Lo que comenzó como un dolor abdominal común terminó transformando la vida de Laura Nixon, una mujer de 59 años de Windsor, Inglaterra. Durante meses, visitó diferentes médicos por molestias intensas, quienes inicialmente le diagnosticaron una infección urinaria y le recetaron antibióticos. Sin embargo, el malestar persistió y, tras varias consultas, finalmente recibió un diagnóstico devastador: cáncer de páncreas avanzado, con una expectativa de vida de cinco años.
Un diagnóstico que llegó demasiado tarde
En enero, Laura acudió a una guardia médica por dolores fuertes. Los profesionales insistieron en que se trataba de una infección urinaria y le indicaron antibióticos. Diez días después, al no mejorar, volvió a recibir el mismo diagnóstico.
Laura, que además tenía antecedentes de colitis ulcerosa y una cirugía de vesícula, comenzó a sospechar que algo más serio podría estar ocurriendo. En abril decidió acudir nuevamente a la guardia y, tras esperar un tiempo para una tomografía, consultó a su médico de cabecera, quien se alarmó y solicitó estudios urgentes.
Ese mismo día recibió la noticia que cambiaría su vida: cáncer de páncreas en estadio cuatro, con metástasis en pulmones e hígado, y un pronóstico limitado a cinco años.
La búsqueda de una alternativa en Alemania
Lejos de aceptar únicamente la quimioterapia tradicional del NHS, Laura optó por viajar a Alemania para someterse a un tratamiento privado llamado quimioembolización transarterial, que consiste en bloquear la irrigación sanguínea del tumor mediante inyecciones directas. El procedimiento, no cubierto por el sistema público británico, tiene un costo aproximado de 80 mil dólares y se realizará en Frankfurt y Múnich durante varias semanas.
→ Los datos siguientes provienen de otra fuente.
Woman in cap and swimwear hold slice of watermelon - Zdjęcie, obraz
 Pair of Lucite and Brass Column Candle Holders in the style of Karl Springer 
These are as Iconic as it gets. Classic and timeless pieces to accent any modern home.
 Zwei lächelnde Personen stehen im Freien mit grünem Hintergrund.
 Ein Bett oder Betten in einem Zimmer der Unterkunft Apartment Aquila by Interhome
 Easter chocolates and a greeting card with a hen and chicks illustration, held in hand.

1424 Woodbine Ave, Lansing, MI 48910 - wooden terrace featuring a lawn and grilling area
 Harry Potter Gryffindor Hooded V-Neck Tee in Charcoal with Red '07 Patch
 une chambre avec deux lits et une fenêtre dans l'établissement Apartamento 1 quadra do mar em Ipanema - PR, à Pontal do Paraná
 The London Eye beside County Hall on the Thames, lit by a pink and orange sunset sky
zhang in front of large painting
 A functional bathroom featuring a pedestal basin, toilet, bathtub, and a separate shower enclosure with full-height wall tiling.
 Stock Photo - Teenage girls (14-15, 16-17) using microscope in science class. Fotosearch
Para costear el tratamiento, su madre usó todos sus ahorros y Laura puso su casa a la venta. “No me preocupa morir, me preocupa a quién dejo atrás”, expresó la mujer, que viajó sola para no descuidar a su madre ni a los gatos de la familia.
Una actitud de lucha frente a la adversidad
A pesar del pronóstico, Laura mantiene una actitud resiliente: “Me voy a dormir y si me despierto, es un bonus. No puedo permitirme estar triste ni enojada”. Además, agradece el apoyo constante de su médico de cabecera, quien presionó por encontrar respuestas y se mostró devastado al conocer la gravedad de la enfermedad.
Para cubrir gastos, Laura abrió una campaña en GoFundMe que ya recaudó más de 7 mil dólares. Aunque el tratamiento ofrece entre un 40% y un 60% de posibilidades de extender su vida dos años más, ella reconoce que es paliativo y no una cura definitiva.
Un mensaje para otros pacientes
Laura quiere que su historia sirva de ejemplo para quienes enfrentan síntomas persistentes: “Me preocupa la gente que está pasando por lo mismo. No bajen los brazos y busquen segundas opiniones cuando los síntomas no mejoran”.
En cuestión de meses, la vida de Laura cambió radicalmente, pero su enfoque es claro: aceptación y esperanza, afrontando cada día con determinación.